What you will do — Among the lines below, output only those between the line holding "Ciabatta natur - Weizenbrot nach ital. Art" and the line holding "Neck Floral Sundress", inclusive, exactly as written and with no pictures.

Listed records —
★ ★ ★

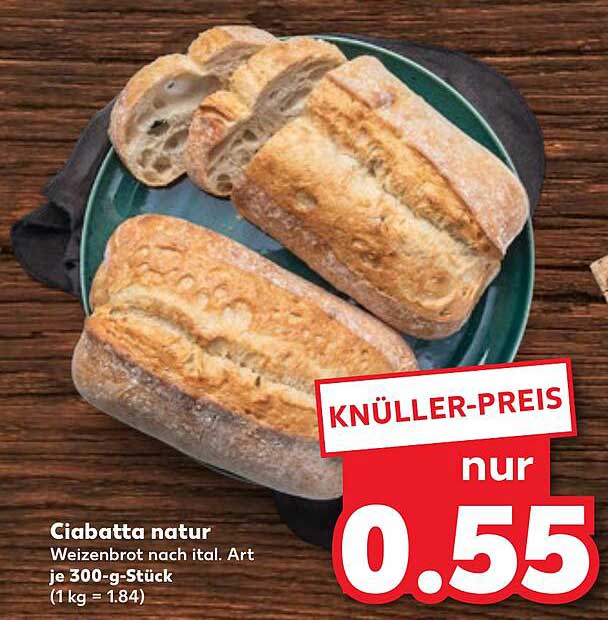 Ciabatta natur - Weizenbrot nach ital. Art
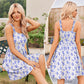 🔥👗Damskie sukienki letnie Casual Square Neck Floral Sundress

★ ★ ★

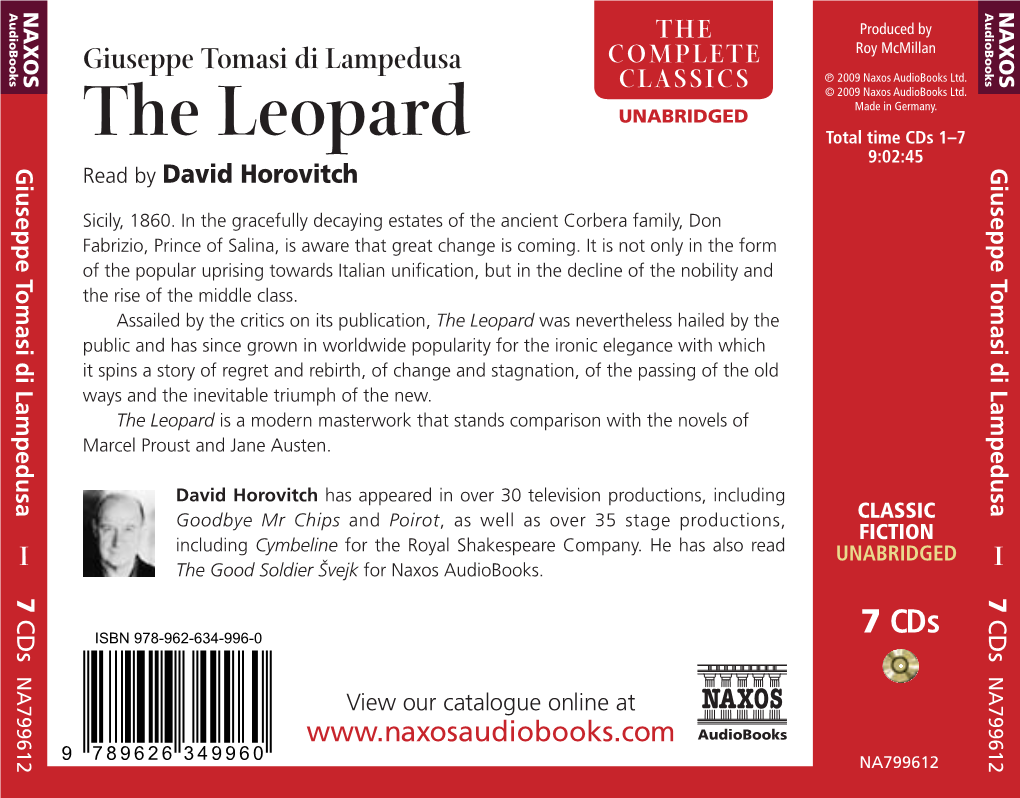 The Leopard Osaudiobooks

★ ★ ★

Solution to this problem —
 Ciabatta natur - Weizenbrot nach ital. Art
 🔥👗Damskie sukienki letnie Casual Square Neck Floral Sundress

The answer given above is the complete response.